** Records provided follows **
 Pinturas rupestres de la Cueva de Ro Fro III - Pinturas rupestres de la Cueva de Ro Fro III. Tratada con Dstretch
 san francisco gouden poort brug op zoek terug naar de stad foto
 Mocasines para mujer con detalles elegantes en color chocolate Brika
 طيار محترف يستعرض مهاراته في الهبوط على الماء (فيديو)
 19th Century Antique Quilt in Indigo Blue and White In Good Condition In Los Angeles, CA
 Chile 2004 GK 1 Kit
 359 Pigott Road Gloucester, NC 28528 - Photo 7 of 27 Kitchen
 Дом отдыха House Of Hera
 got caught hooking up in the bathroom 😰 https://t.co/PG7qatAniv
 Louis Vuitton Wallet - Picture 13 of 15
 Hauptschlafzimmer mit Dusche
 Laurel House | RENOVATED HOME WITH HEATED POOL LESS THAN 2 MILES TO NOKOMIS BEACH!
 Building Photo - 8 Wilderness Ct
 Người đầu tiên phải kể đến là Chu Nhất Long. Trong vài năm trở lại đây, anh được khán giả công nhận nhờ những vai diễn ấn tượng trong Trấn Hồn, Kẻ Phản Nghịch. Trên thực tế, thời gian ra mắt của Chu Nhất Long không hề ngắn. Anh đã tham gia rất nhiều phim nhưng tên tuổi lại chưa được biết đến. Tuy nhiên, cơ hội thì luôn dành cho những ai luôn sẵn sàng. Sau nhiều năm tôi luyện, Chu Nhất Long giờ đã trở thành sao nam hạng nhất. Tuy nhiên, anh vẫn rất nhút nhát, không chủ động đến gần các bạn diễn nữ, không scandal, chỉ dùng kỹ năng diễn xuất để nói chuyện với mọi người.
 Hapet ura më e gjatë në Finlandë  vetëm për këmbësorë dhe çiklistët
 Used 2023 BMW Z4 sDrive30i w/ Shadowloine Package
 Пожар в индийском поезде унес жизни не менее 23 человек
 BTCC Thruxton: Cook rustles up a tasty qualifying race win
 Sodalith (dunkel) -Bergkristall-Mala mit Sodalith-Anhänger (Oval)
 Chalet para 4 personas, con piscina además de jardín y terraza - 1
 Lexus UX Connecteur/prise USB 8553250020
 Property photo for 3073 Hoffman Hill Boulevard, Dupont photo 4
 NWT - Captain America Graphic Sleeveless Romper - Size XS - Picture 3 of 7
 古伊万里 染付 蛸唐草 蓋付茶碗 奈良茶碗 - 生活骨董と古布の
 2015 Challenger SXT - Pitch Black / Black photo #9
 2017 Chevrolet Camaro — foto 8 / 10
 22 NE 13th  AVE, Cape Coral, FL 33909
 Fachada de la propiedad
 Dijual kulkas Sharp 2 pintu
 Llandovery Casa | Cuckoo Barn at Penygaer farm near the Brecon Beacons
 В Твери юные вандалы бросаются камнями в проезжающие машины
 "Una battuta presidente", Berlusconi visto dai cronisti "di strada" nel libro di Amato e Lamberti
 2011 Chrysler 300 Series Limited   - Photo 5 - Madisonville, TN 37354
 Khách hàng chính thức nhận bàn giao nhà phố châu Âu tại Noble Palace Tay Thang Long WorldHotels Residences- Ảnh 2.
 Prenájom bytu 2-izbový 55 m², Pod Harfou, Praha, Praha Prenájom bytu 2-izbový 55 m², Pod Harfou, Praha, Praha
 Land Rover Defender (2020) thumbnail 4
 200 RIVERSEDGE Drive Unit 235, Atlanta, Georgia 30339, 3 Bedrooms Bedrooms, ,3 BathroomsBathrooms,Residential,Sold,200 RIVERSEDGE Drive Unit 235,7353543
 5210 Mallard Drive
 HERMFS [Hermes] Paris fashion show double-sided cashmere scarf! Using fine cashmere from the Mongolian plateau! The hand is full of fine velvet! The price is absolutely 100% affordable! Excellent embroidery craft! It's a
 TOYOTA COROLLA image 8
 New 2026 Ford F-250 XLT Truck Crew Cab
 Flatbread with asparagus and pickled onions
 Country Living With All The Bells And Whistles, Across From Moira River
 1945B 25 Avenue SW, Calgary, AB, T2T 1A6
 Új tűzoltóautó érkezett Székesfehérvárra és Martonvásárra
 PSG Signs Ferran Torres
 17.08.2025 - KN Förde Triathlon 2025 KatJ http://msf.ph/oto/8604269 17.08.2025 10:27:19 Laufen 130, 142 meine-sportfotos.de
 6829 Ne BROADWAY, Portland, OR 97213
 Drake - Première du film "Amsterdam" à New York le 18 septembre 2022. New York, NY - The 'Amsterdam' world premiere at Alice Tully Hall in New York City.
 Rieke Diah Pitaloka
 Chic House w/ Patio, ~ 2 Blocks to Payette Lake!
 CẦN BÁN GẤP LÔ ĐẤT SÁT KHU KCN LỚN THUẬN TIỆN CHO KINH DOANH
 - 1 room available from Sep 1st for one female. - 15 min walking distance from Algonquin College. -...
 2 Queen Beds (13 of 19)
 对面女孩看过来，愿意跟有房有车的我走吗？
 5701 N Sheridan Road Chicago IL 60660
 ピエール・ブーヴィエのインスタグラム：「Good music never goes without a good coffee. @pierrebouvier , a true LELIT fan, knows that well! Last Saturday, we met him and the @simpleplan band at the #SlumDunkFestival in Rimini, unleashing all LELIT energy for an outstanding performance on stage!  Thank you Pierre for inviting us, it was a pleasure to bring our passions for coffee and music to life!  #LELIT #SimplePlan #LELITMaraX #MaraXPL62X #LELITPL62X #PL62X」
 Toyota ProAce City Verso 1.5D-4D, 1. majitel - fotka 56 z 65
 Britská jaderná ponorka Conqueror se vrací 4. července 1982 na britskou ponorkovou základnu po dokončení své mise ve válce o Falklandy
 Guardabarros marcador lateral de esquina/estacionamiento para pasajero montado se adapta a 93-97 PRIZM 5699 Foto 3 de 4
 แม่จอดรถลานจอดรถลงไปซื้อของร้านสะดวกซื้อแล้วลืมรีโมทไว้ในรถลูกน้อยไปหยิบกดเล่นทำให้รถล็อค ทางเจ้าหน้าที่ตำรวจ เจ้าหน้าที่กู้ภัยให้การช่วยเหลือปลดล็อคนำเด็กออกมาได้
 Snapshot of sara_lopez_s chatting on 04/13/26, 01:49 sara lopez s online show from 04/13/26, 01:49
** End of Records provided **
> _Task description_
Which lines of the data above contain the string "show"? Copy each of them.

> _Solution for this problem_
 HERMFS [Hermes] Paris fashion show double-sided cashmere scarf! Using fine cashmere from the Mongolian plateau! The hand is full of fine velvet! The price is absolutely 100% affordable! Excellent embroidery craft! It's a
 Snapshot of sara_lopez_s chatting on 04/13/26, 01:49 sara lopez s online show from 04/13/26, 01:49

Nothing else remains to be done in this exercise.